[Input data]
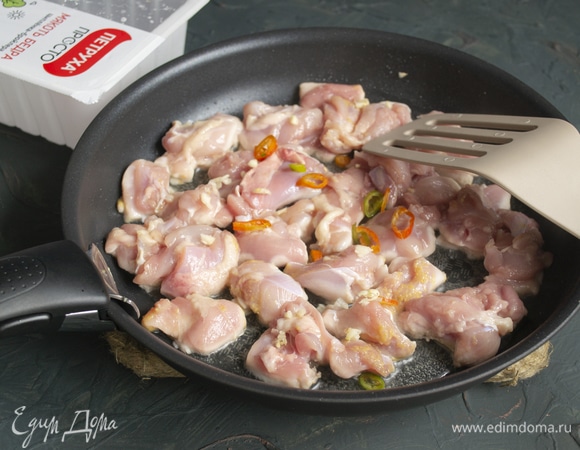 В сковороде смешиваем сливочное и растительное масло, в растопленное масло кладем кусочки курицы, добавляем мелко нарезанный корешок имбиря и чили, посыпаем чесночным порошком. Готовим на сильном огне несколько минут.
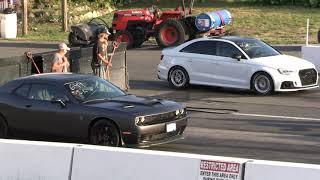 Drag race.  Supercars vs Muscle cars.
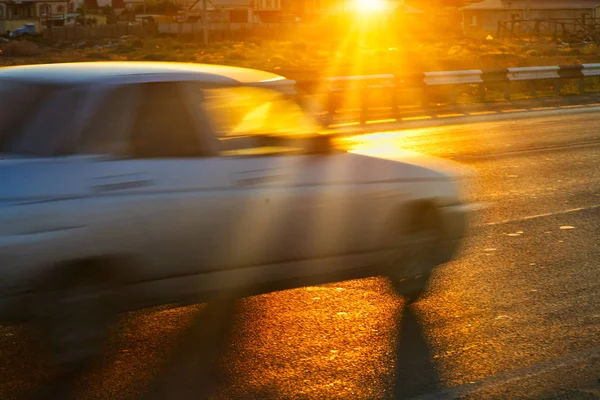 Coche de cercanías desenfocado en la carretera con destellos de sol —  Fotos de Stock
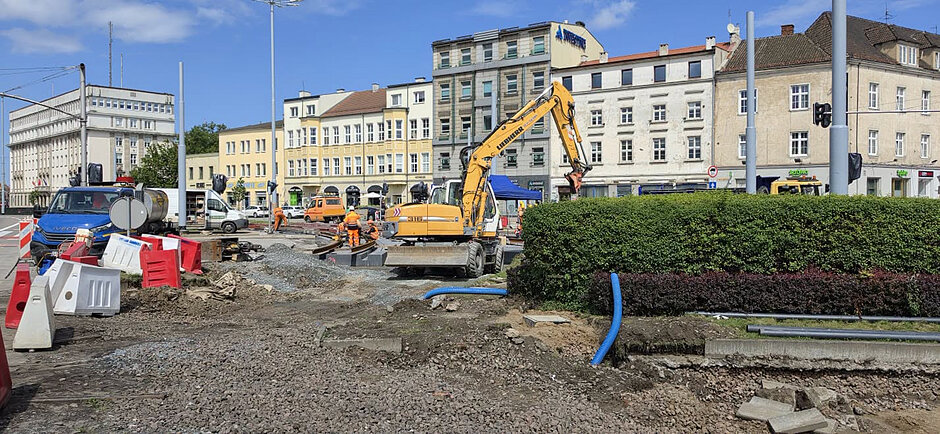remont ulicy w mieście, na zdjęciu maszyna budowlana, w tle budynki i ulica z zerwaną nawierzchnią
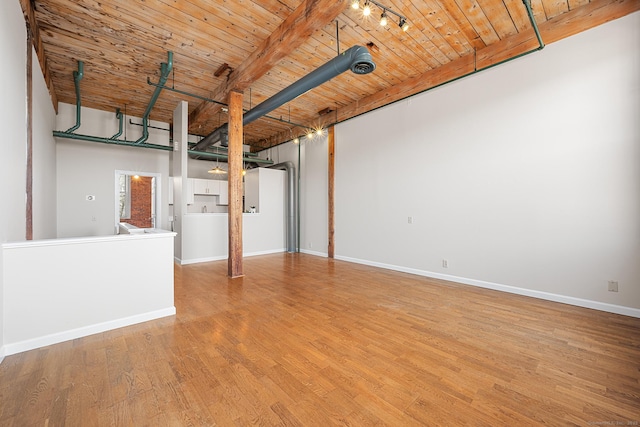 unfurnished room with beamed ceiling, wooden ceiling, wood finished floors, and baseboards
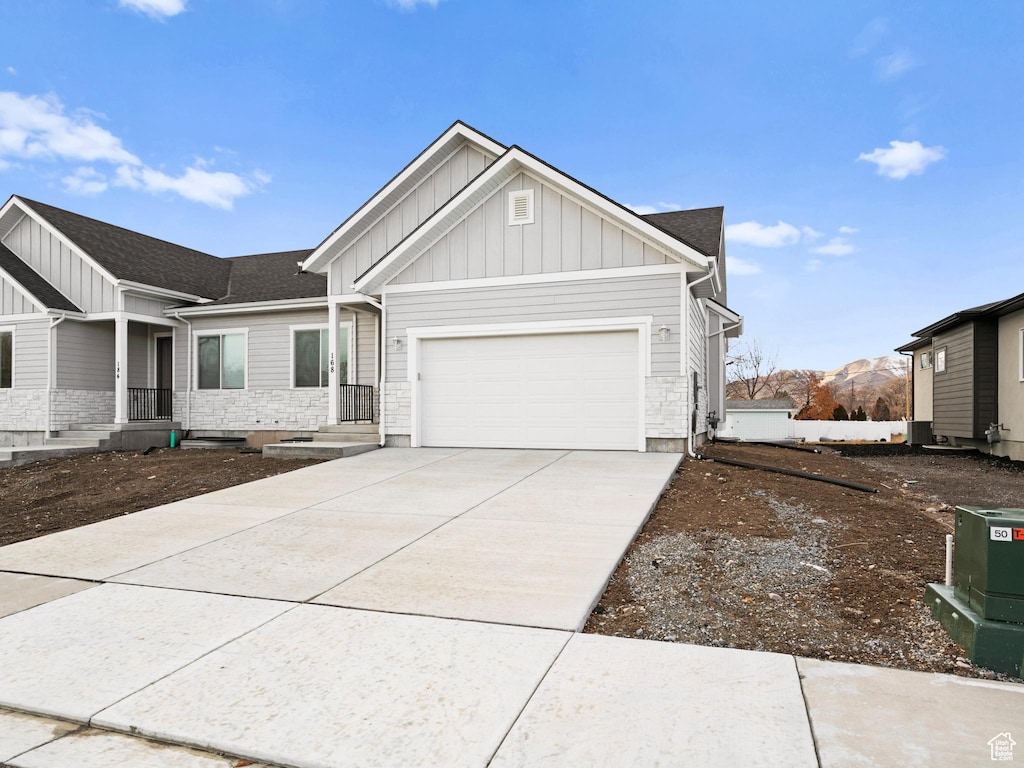 view of front of house featuring an attached garage, board and batten siding, concrete driveway, and stone siding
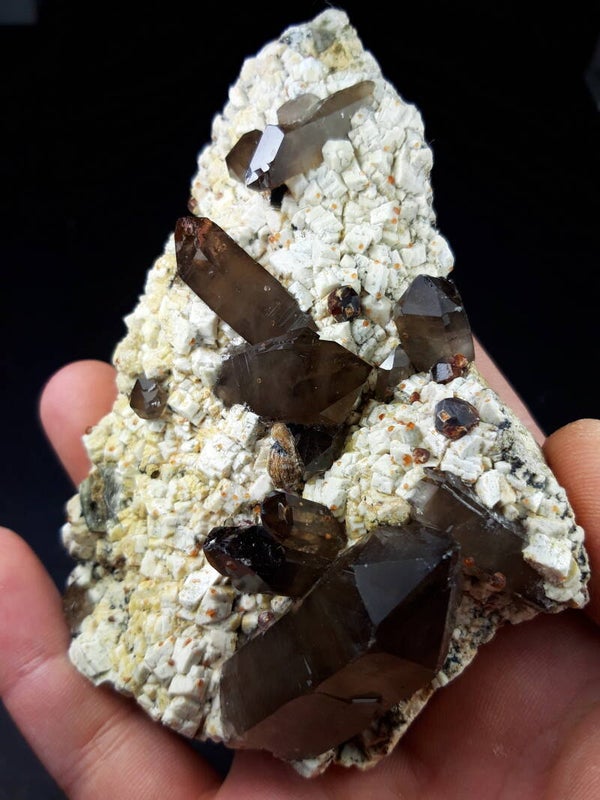 SPESSARTINE GARNETS ON MICROCLINE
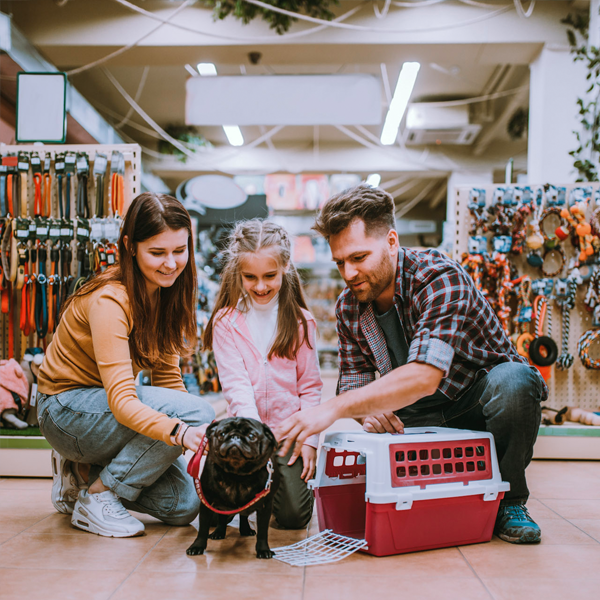 family at pet store with dog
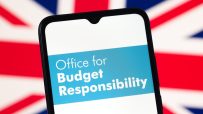 Smartphone displaying Office for Budget Responsibility logo against a blurred Union Jack flag.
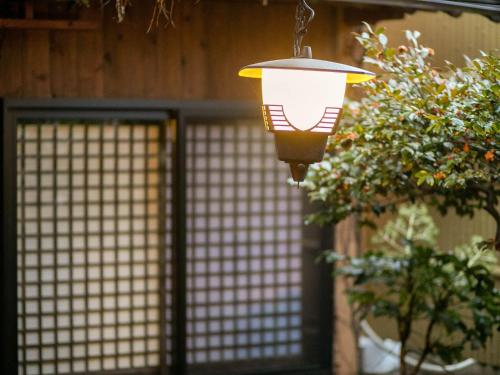 a light hanging in front of a door at Tsuruya / Vacation STAY 59061 in Miyaji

[Exercise requirements]
Please, leaving out all pictures, transcribe exactly the lines above from the one containing "unfurnished room with" through the final line, both included.

[Task result]
 unfurnished room with beamed ceiling, wooden ceiling, wood finished floors, and baseboards
 view of front of house featuring an attached garage, board and batten siding, concrete driveway, and stone siding
 SPESSARTINE GARNETS ON MICROCLINE
 family at pet store with dog
 Smartphone displaying Office for Budget Responsibility logo against a blurred Union Jack flag.
 a light hanging in front of a door at Tsuruya / Vacation STAY 59061 in Miyaji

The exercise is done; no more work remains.